CSP can store energy and extend power availability: CSP’s big advantage is that it can store power, helping to resolve the issue of peak energy demand often coming at night or early in the morning, when there is no sunlight. Surplus heat from CSP renewable energy production can be stored in molten salt and used when needed — “for electricity generation or other purposes,” King noted. Noor I has three hours of storage capacity, while Noor II and III have seven hours each. Benali hopes that stored solar heat could also be used for hydrogen production or desalination, she said.
Morocco is also eyeing more exports to existing markets Spain and Portugal through its existing two electricity interconnections with Europe, Benali said. Morocco’s two electricity interconnections with Europe have a total capacity of 1.4 GW. Power flows both ways between them, “depending on generating and market conditions in Europe and Morocco,” Benali told King.
It’s good news for Europe, which is looking to lock in more of its energy needs from MENA after pulling back from Russia. Members of the European Union and the UK are looking to buy more electricity from North Africa and more natural gas from Egypt and Israel in a bid to lessen their reliance on Moscow now and in the long run.

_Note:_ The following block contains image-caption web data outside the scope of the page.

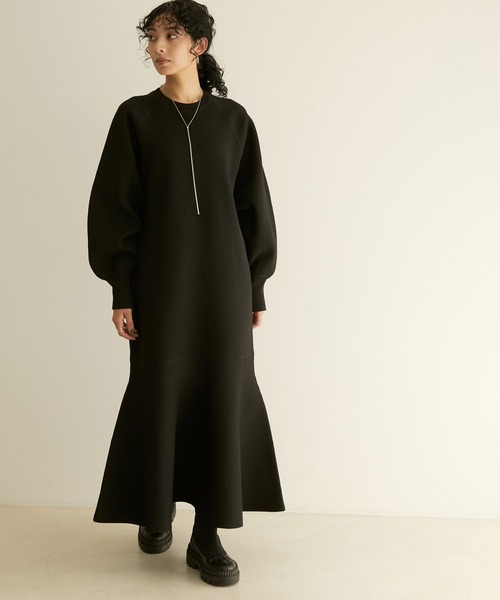 SALON adam et rope'（サロン アダム エ ロペ）の「ヘムフレア―ニットマーメイドワンピース（ワンピース・レディース・ブラック/ホワイト・FREE）」の18枚目の写真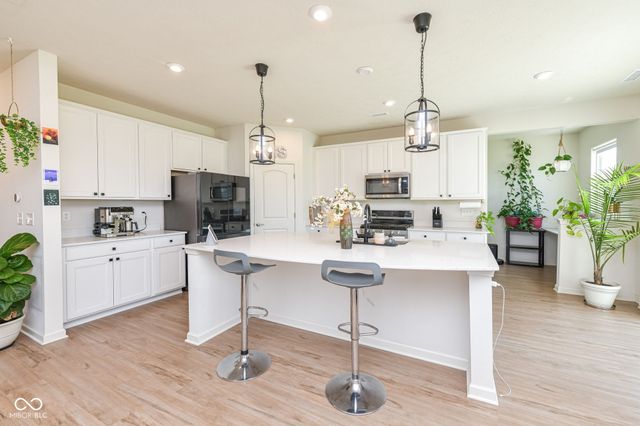 6907 Seattle Slew Drive, Whitestown, IN 46075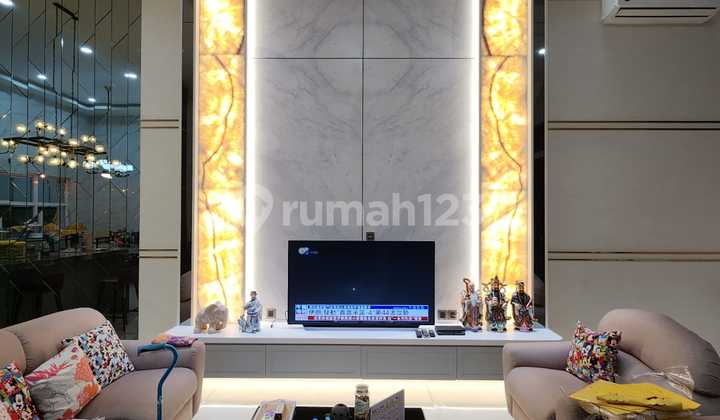 Villa on Jalan Hayam Wuruk (Near S. Parman / Iskandar Muda)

As we know, linking electricity grids is a growing trend in MENA: A proposed direct link between the electricity grids of Egypt and Greece was recently said to be accelerating, as Europe looks to transition away from Russian fossil fuels. And plans for Egypt and Saudi Arabia to start linking their electricity grids have been in the works for some time, with implementation of the USD 1.8 bn project due to begin this year, the first 1.5 GW phase set to be operational by 2024, and the second 1.5 GW phase to follow a year later.